*RECORDS PROVIDED*:
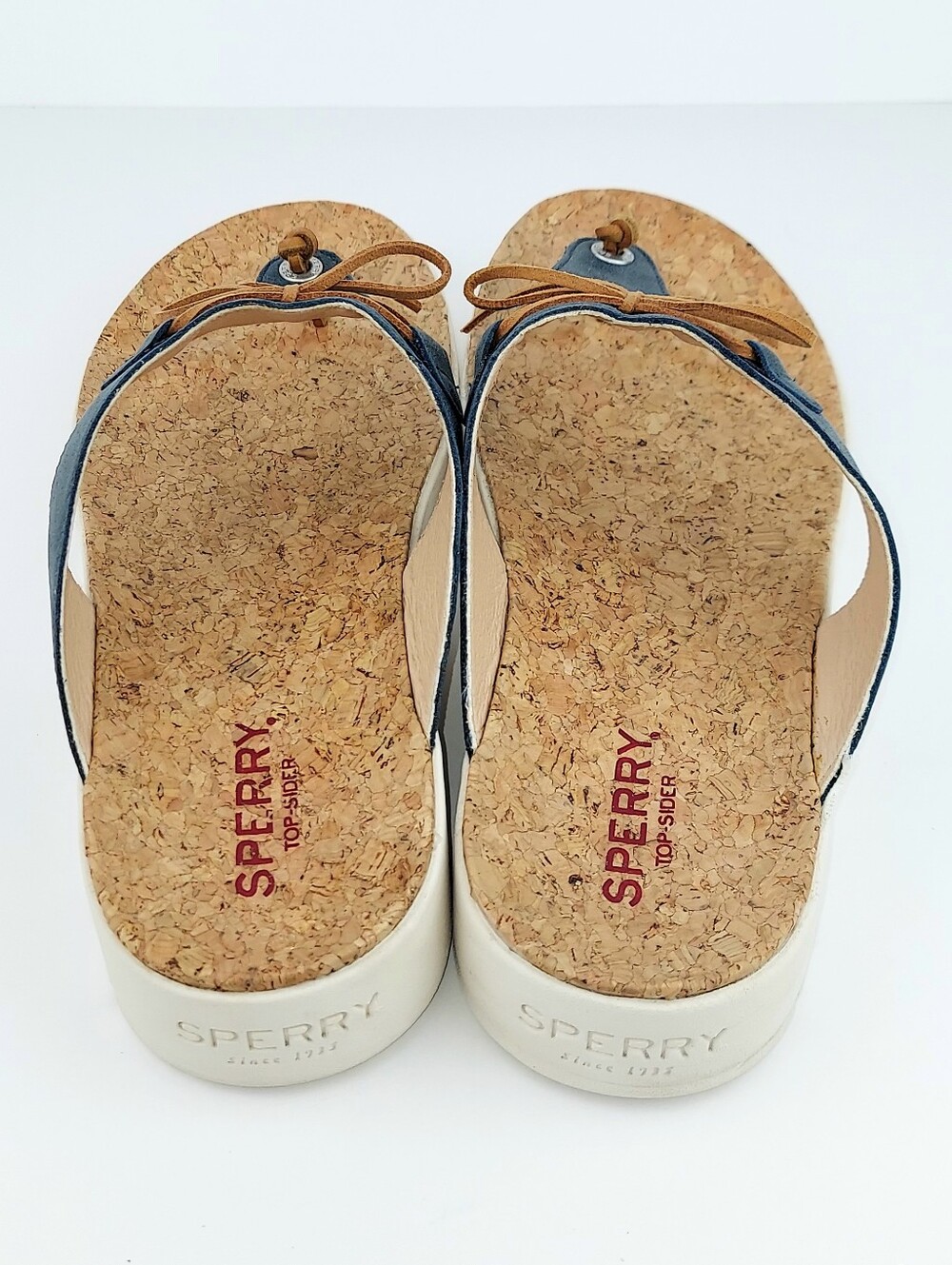 Sperry Blue Nubuck Cork Footbed Platform Sandals 12 - Picture 7 of 11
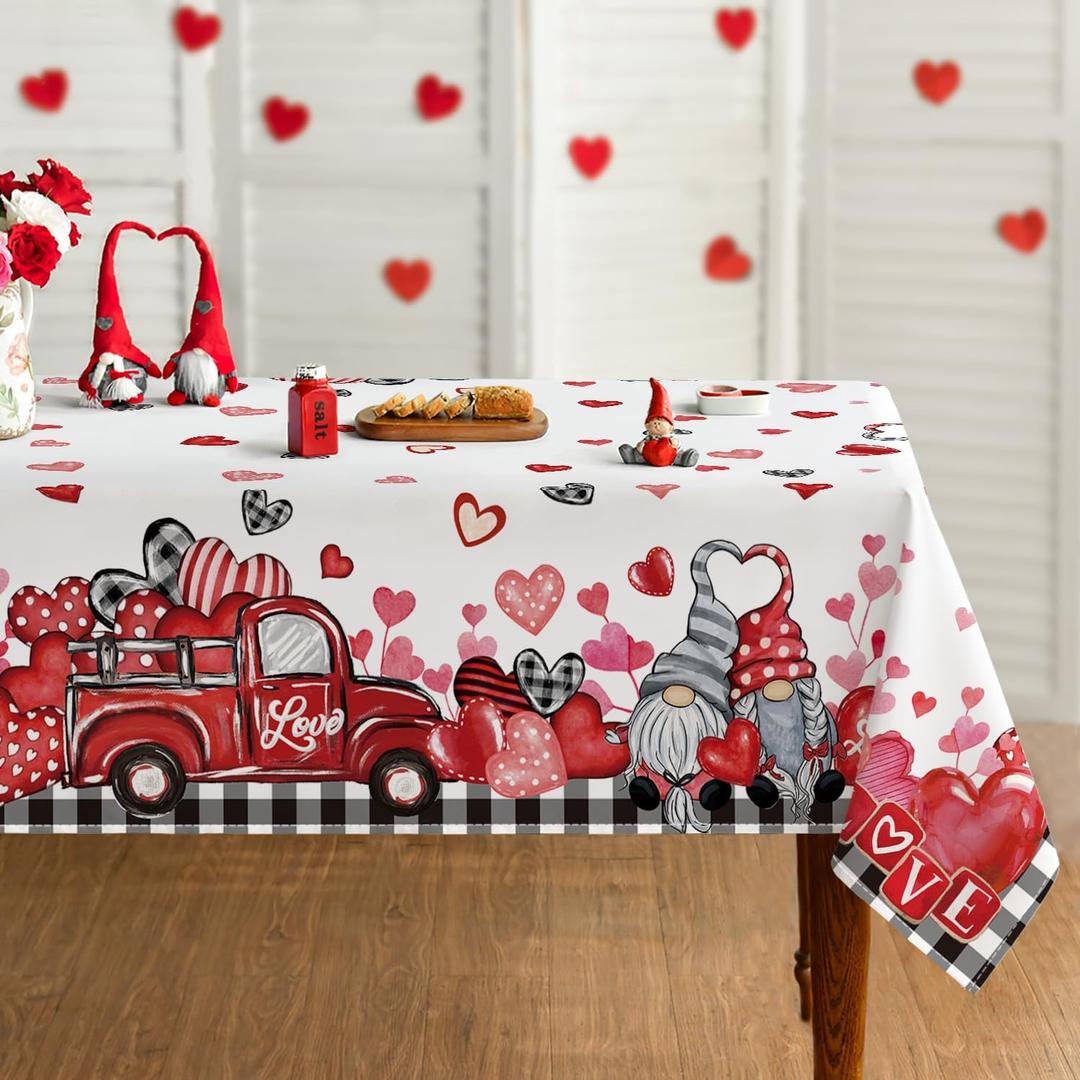 Horaldaily Valentine Tablecloth 6084 Inch Rectangle, Gnomes Truck Black Buffalo Plaid Washable Table Cover for Party Picnic Dinner Decor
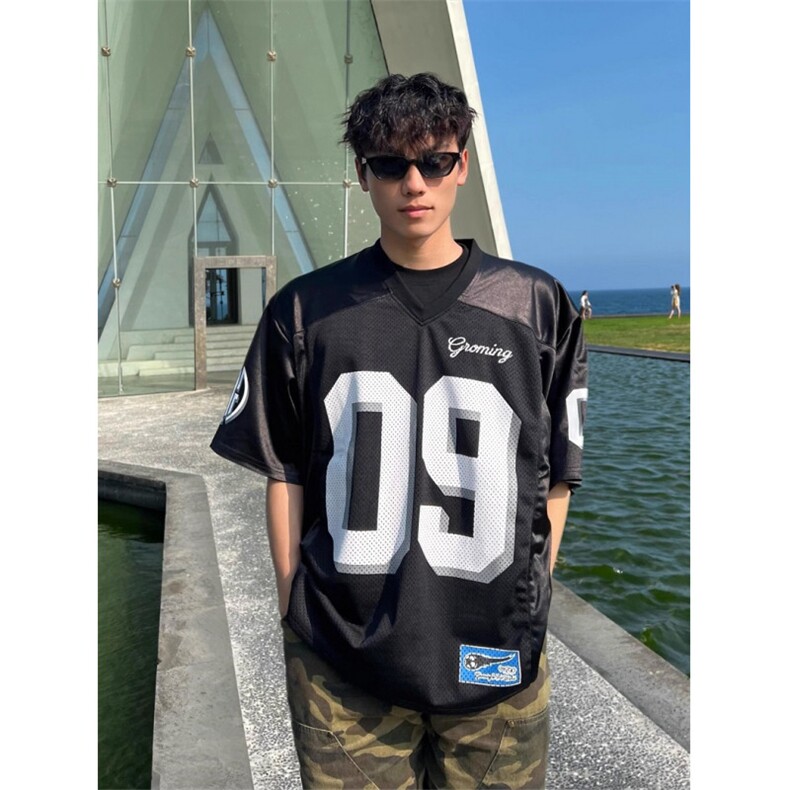 橄榄球服男生夏季时尚网眼短袖透气宽松运动T恤拼接上衣T214,男装T恤,星座1116A（原606A-3）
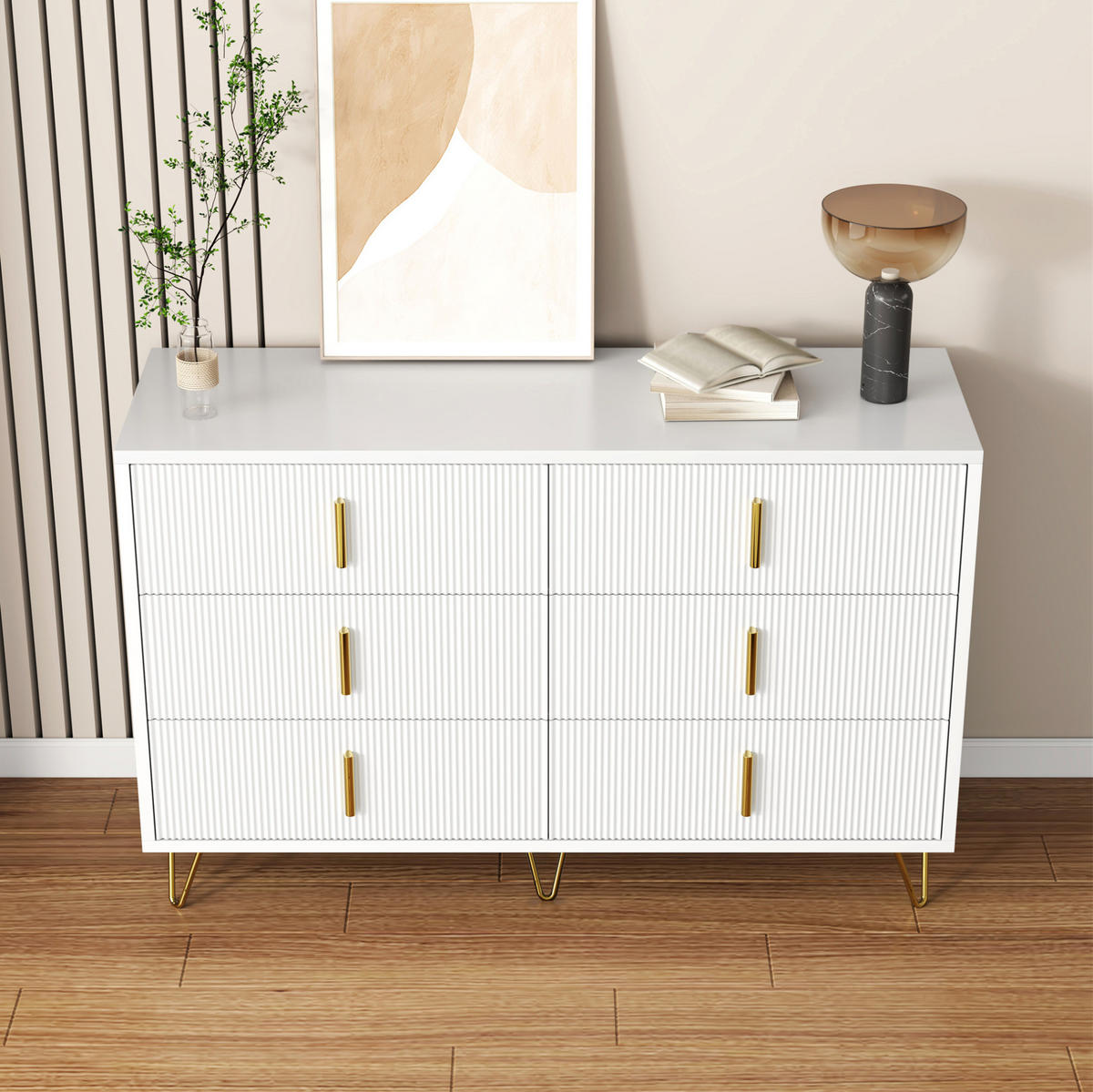 SIDEBOARD 120/77/40 cm Weiß/Gold aus Spanplatte mit 6 Schubladen - Weiß, Holzwerkstoff (40/77/120cm) - OKMYHOME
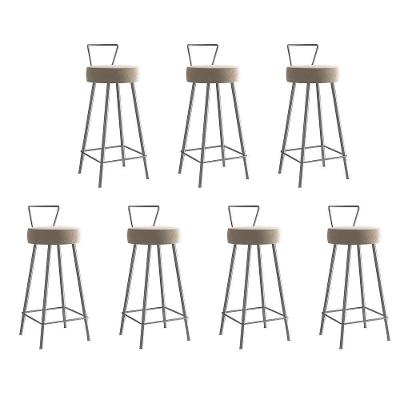 Kit 07 Banqueta Alta Tais Eiffel Cozinha Bar Bistrô Ferro Cinza Suede Bege - Ahazzo Móveis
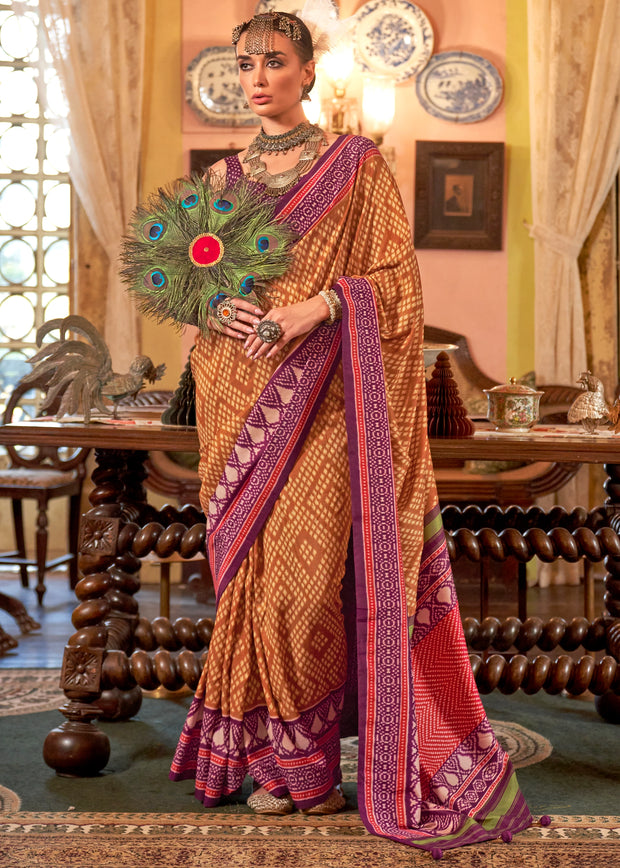 Apricot Orange Printed Patola Silk Saree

*TRY IT*: Your answer must be the lines from the one holding "Kit 07 Banqueta" through the final line of the records above, exactly as written and without any pictures.

*SOLUTION*:
 Kit 07 Banqueta Alta Tais Eiffel Cozinha Bar Bistrô Ferro Cinza Suede Bege - Ahazzo Móveis
 Apricot Orange Printed Patola Silk Saree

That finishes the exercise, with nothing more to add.